Fourth Google Doodle for Olympic Game London 2012 ‘Fencing’ on 30 July 2012. Google is featuring “Fencing” by showing the Doodle “London 2012 Fencing”. This is the Fourth Doodle for the London 2012 Summer Olympics.
Fencing competitions at the 2012 Summer Olympics in London are happening from 28 July to 5 August at ExCeL Exhibition Centre. Ten events (6 individual, 4 team) are scheduled to be contested. The International Fencing Federation (FIE) pushed for the inclusion of two more team events, but the IOC voted to keep the current format of ten events.

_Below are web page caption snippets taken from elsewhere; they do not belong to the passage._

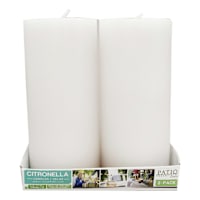 2-Pack White Citronella Pillar Candle, 11oz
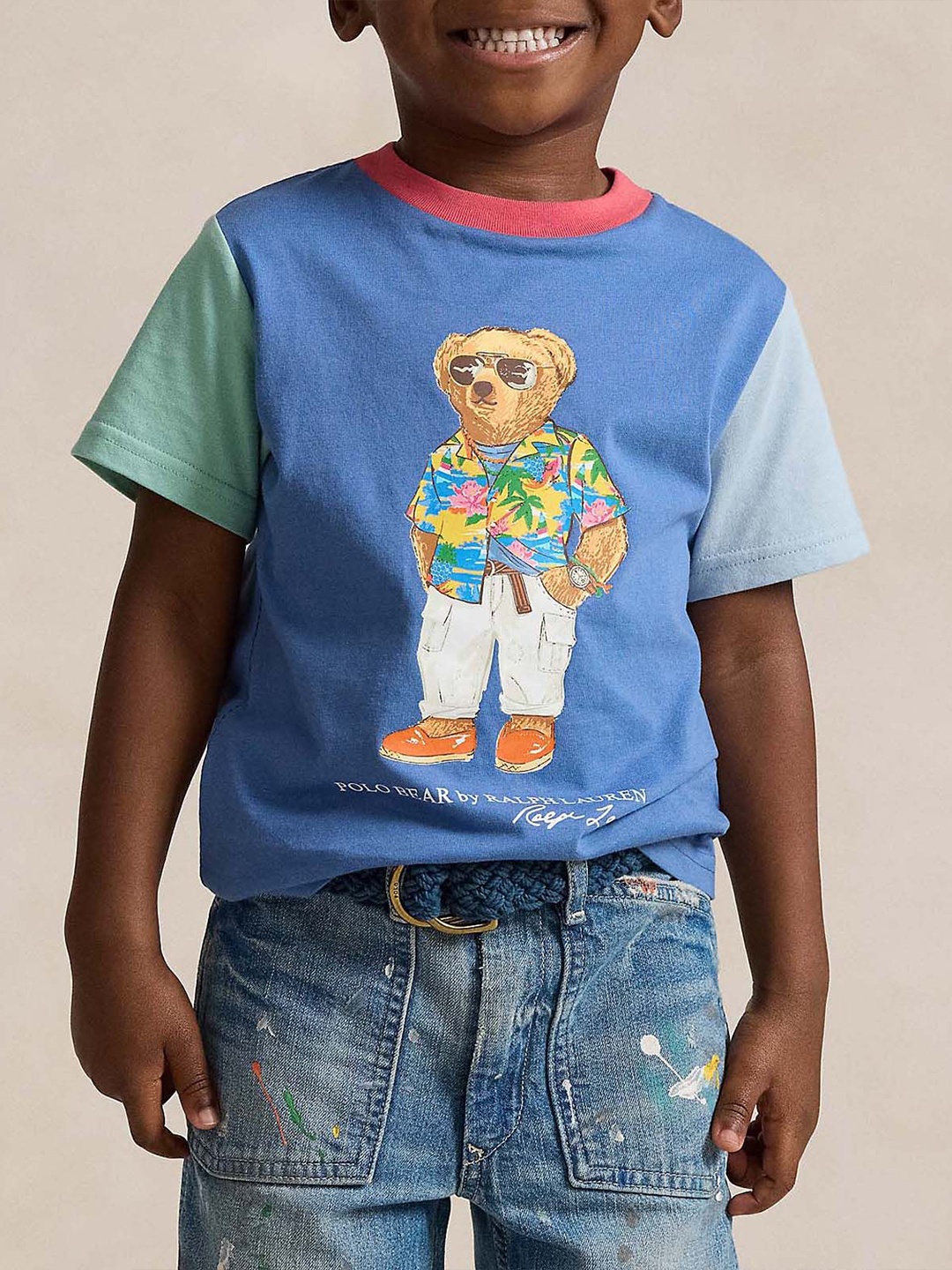 

Polo Ralph Lauren Boys Printed Round Neck Cotton Tshirts, Blue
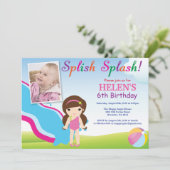 Water Slide Pool Party verjaardagsuitnodiging meis Kaart (Staand voorkant)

Italy’s Valentina Vezzali has a chance to become only the fourth athlete to win individual gold medals in four consecutive Summer Olympics if she wins women’s individual foil competition.
Maria Valentina Vezzali has won five Olympic gold medals in foil competitions.
Vezzali is the first fencer in Olympic history to win three Individual Foil gold medals at three consecutive Olympics – Sydney 2000, Athens 2004 and Beijing 2008. She also won thirteen gold medals at the World Fencing Championships, six in individual competitions and another seven in team competitions , plus four silver medals and three bronze medals.
Although sword fighting dates back thousands of years, Fencing as we now understand it really came of age as a sport in the 19th century. A tense, compelling battle of wits and technique, the sport is one of the few to have featured at every modern Olympic Games.
Fencing has been contested at every Summer Olympic Games since the birth of the modern Olympic movement at the 1896 Summer Olympics in Athens. Women’s foil made its Olympic debut in Paris, during the 1924 Olympic Games. There are three forms of Olympic fencing:
• Foil – a light thrusting weapon; the valid target is restricted to the torso; double touches are not allowed.
• Épée – a heavy thrusting weapon; the valid target area covers the entire body; double touches are allowed.
• Sabre – a light cutting and thrusting weapon; the valid target area includes almost everything above the waist (excluding the back of the head and the hands); double touches are not allowed.
Fencing takes place on a piste, 14 metres long and between 1.5m and 2m wide. All 10 medal events on the Fencing programme are run in a knockout format.
Fencing is a fast, tense sport. Fencers must use all their wits and quick thinking to out manoeuvre their opponent, judging the right time and the most effective way to attack.